*WHAT THIS TASK INVOLVES*
Without including any pictures, retype exactly the lines from the top of the records through the line containing "一个正八面体的色子, 它是公平的, 但连续9次掷出了4点, 请问第10次掷出4点的概率是?A.", that final line included.

*EXTRACTED DATA*
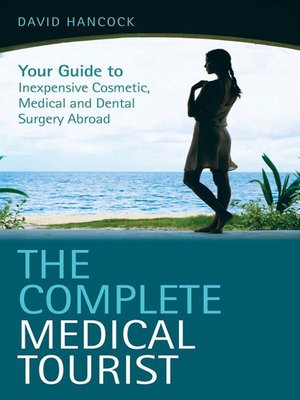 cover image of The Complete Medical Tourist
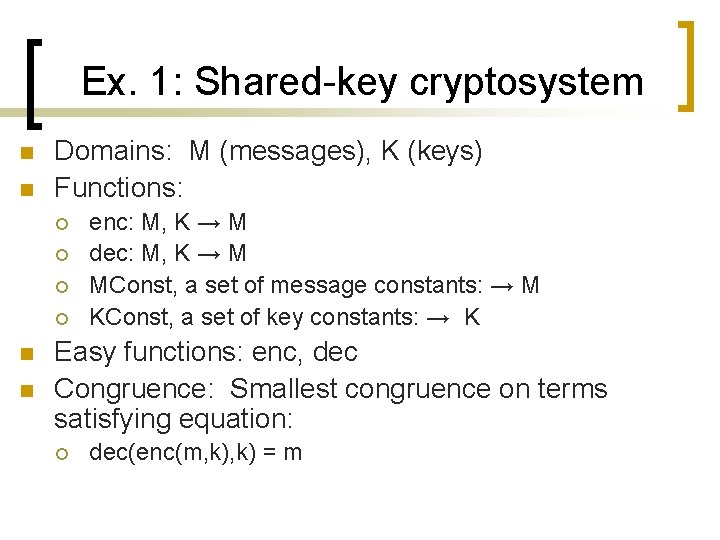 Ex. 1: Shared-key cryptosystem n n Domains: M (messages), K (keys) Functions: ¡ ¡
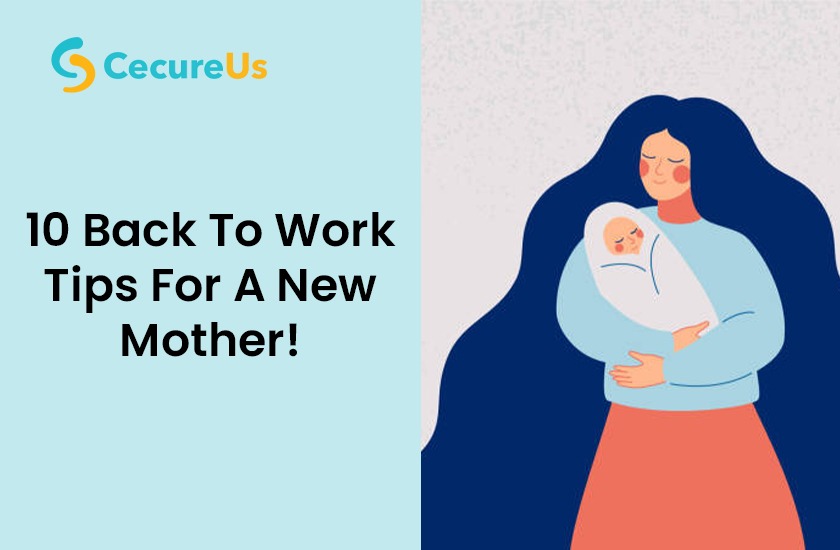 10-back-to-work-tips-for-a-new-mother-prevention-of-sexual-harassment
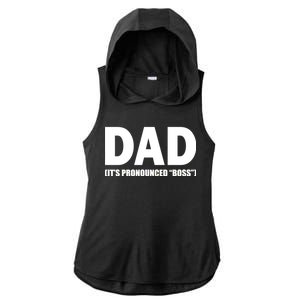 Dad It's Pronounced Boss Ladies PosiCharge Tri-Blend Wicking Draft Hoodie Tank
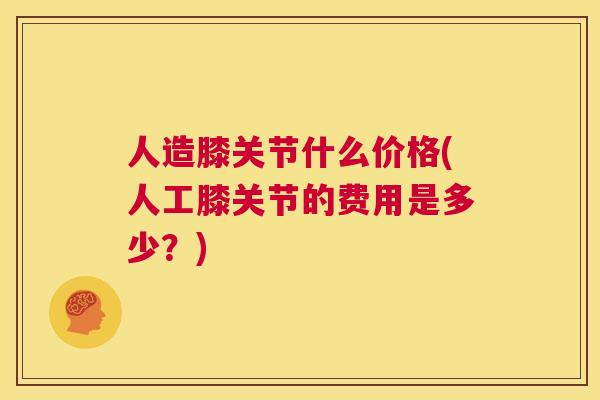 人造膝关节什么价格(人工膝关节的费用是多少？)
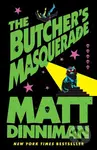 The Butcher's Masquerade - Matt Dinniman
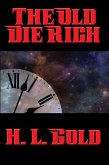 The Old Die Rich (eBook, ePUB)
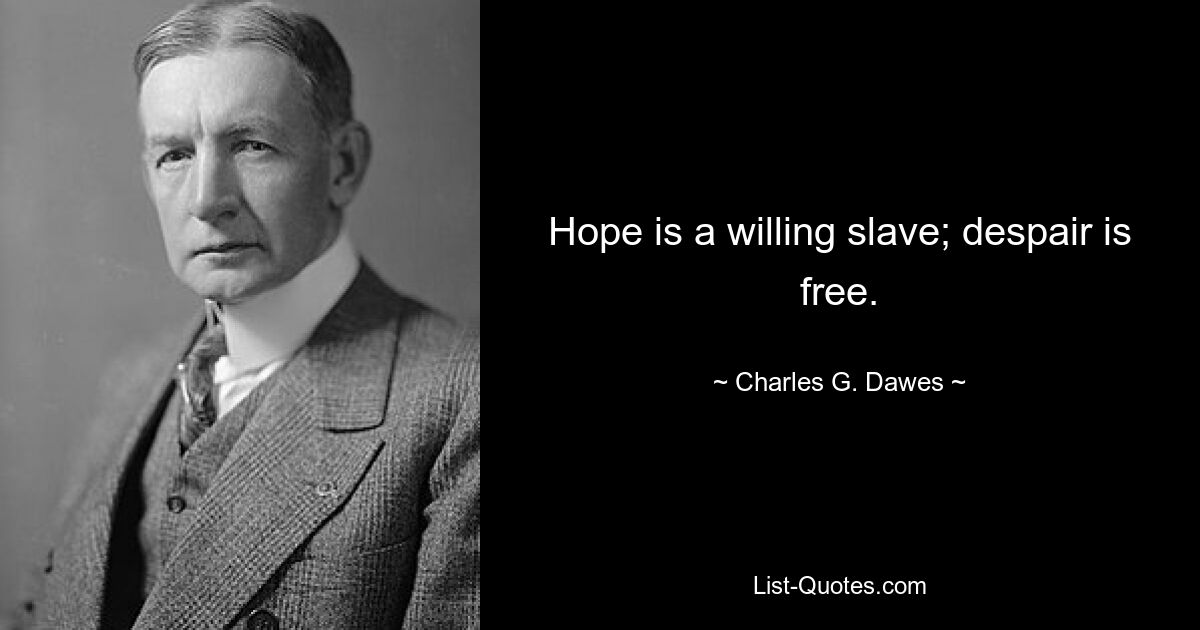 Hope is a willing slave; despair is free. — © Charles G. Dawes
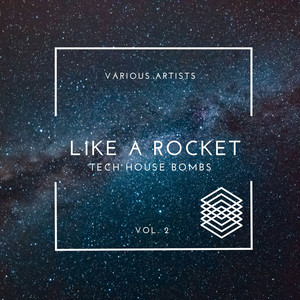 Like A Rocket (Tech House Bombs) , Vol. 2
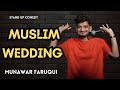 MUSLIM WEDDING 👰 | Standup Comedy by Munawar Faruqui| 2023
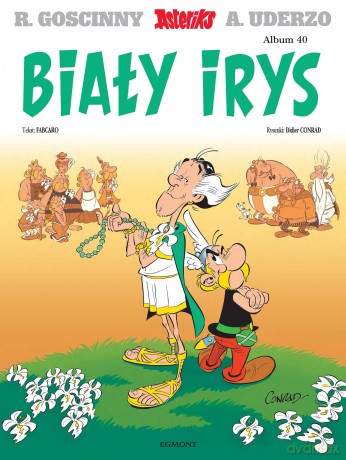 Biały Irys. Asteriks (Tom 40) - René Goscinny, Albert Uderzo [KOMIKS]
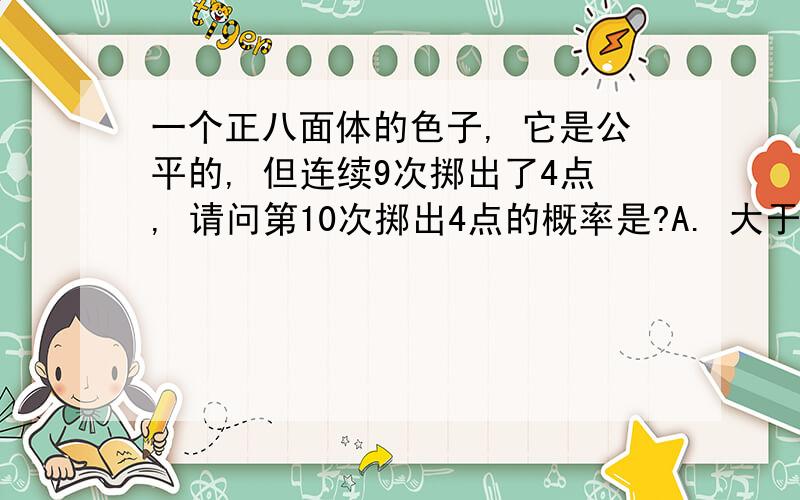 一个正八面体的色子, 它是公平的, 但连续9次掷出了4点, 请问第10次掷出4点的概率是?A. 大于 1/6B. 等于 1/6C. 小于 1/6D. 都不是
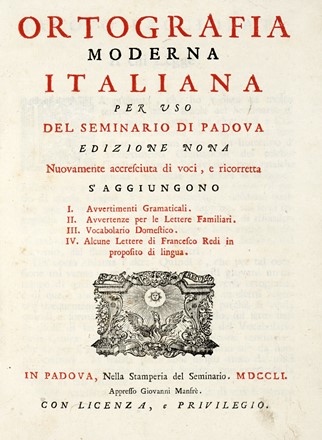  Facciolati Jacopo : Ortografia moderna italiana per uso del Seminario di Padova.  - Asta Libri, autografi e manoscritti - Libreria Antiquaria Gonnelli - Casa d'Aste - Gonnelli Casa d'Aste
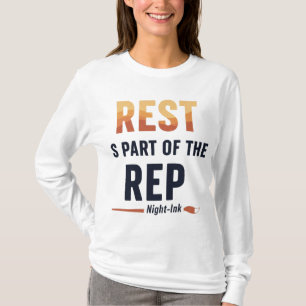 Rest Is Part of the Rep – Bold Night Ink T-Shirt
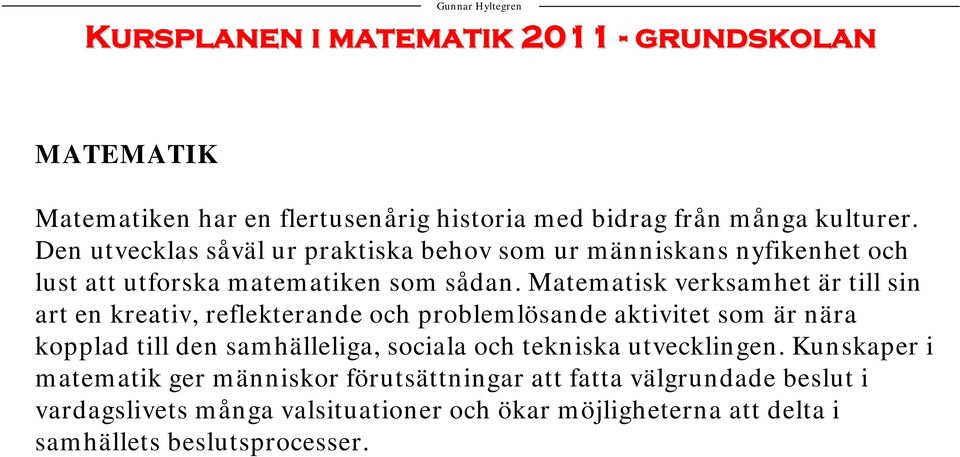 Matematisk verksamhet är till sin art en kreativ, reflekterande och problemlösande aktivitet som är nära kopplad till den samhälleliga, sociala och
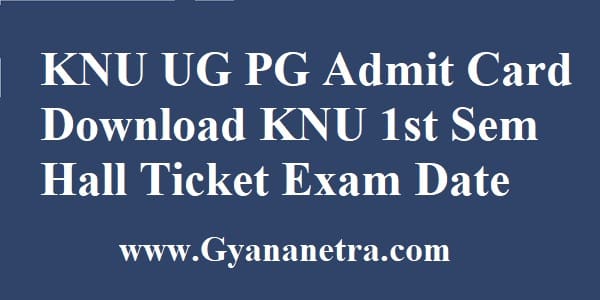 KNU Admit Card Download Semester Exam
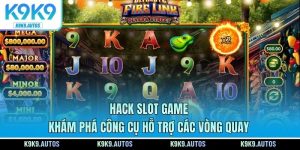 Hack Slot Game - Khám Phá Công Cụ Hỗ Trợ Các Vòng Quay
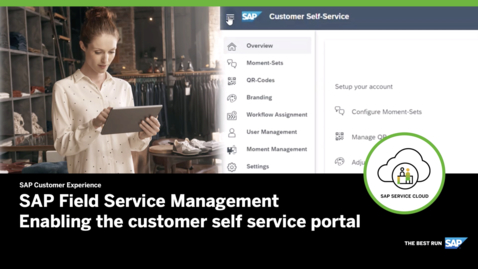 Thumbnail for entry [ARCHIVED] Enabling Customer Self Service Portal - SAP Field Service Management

*WRITTEN RESPONSE*
 cover image of The Complete Medical Tourist
 Ex. 1: Shared-key cryptosystem n n Domains: M (messages), K (keys) Functions: ¡ ¡
 10-back-to-work-tips-for-a-new-mother-prevention-of-sexual-harassment
 Dad It's Pronounced Boss Ladies PosiCharge Tri-Blend Wicking Draft Hoodie Tank
 人造膝关节什么价格(人工膝关节的费用是多少？)
 The Butcher's Masquerade - Matt Dinniman
 The Old Die Rich (eBook, ePUB)
 Hope is a willing slave; despair is free. — © Charles G. Dawes
 Like A Rocket (Tech House Bombs) , Vol. 2
 MUSLIM WEDDING 👰 | Standup Comedy by Munawar Faruqui| 2023
 Biały Irys. Asteriks (Tom 40) - René Goscinny, Albert Uderzo [KOMIKS]
 一个正八面体的色子, 它是公平的, 但连续9次掷出了4点, 请问第10次掷出4点的概率是?A. 大于 1/6B. 等于 1/6C. 小于 1/6D. 都不是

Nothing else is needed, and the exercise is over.